Curating the exhibit had its challenges. Hoffman said the biggest challenge was telling the story visually. “Historians are used to writing lengthy text, but the exhibition format requires the fewest words possible,” she said.

Hoffman, whose expertise is 20th century American history, with a specialization in medicine and social movements, has been studying the impact of citizen action on health care reform for more than a decade.

An author of two books on the history of the U.S. health care system – “The Wages of Sickness: The Politics of Health Insurance in Progressive America” and “Health Care for Some: Rights and Rationing in the United States since 1930” – she has researched the role of social movements in pushing for health care reform. She co-edited the book “Patients as Policy Actors,” which analyzes many different ways that patients and health care consumers have influenced changes in the health system.

“The exhibit is definitely a continuation of my research, but it has also pushed me further in the direction of examining how movements for racial justice and health care justice have been connected,” Hoffman said. Her next research project will examine the history of immigrant rights to health care.

Among the citizens featured is Leonidas Berry, M.D., an African-American physician who was a leader in the medical civil rights movement from the 1950s through the ’70s. Berry not only led campaigns against hospital segregation and discrimination by the American Medical Association, but he also pioneered the concept of the remote area medical service. In the early 1970s, he organized a group of Chicago doctors and nurses who chartered an airplane and made regular flights to Cairo, in the very southernmost part of Illinois, to provide medical care to the impoverished community there.

Beatrix Hoffman

Beatrix Hoffman

The establishment of the Medicare program and the racial desegregation of health care institutions – both in the 1960s – were the two biggest victories that can be attributed to citizen action, Hoffman said.

“Senior citizens and civil rights activists have had a lasting impact on the health care system in these two ways,” she said.

Other reform campaigns have focused on the quality of care and how that is accessed and delivered.

“The consumer movement and the AIDS and breast cancer movements have also been successful in creating long-term change in the health system, making it more consumer-friendly and patient-centered.”

The health care reform battles are still being fought, Hoffman said.

Current campaigns are being conducted by conservative groups, who are strongly opposed to “Obamacare,” while many community activists are working to support the Affordable Care Act by getting as many of the uninsured to sign up as possible. Immigrant rights groups are organizing to obtain coverage for the undocumented, but so far have not been successful. And movement for single-payer health care is trying to get universal health coverage on a state-by-state basis.

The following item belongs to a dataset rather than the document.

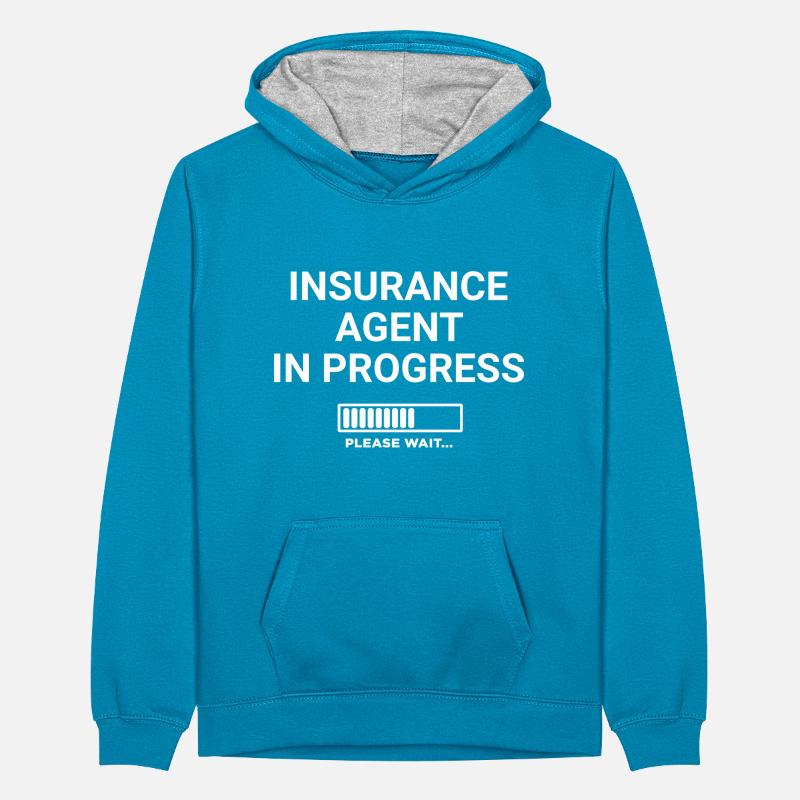 Insurance Agent in Progress Please Wait Teenager Contrast Hoodie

“Right now their efforts are gaining momentum in Colorado, so that’s a state to watch,” Hoffman said.

While the Affordable Care Act and expansion of Medicaid in some states has significantly reduced the number of uninsured Americans, problems still exist: unequal access; high copayments and deductibles; significant flows of taxpayer money to private businesses; and, especially, a continuing lack of universal coverage.

“The U.S. is still far from achieving universal access to health care, and it is still very difficult to control costs,” she said.

Hoffman said she hopes that the traveling display will increase awareness of ordinary Americans’ contributions to health reform debates. “If we recognize that change can be created from the bottom up as well as the top down, maybe more people will get involved in creating a fairer and more just health care system.”

The exhibit will begin its nationwide tour in mid-December. It will make stops in Springfield and Orland Park in the fall of 2016. K-12 lesson plans and a higher education module are available online.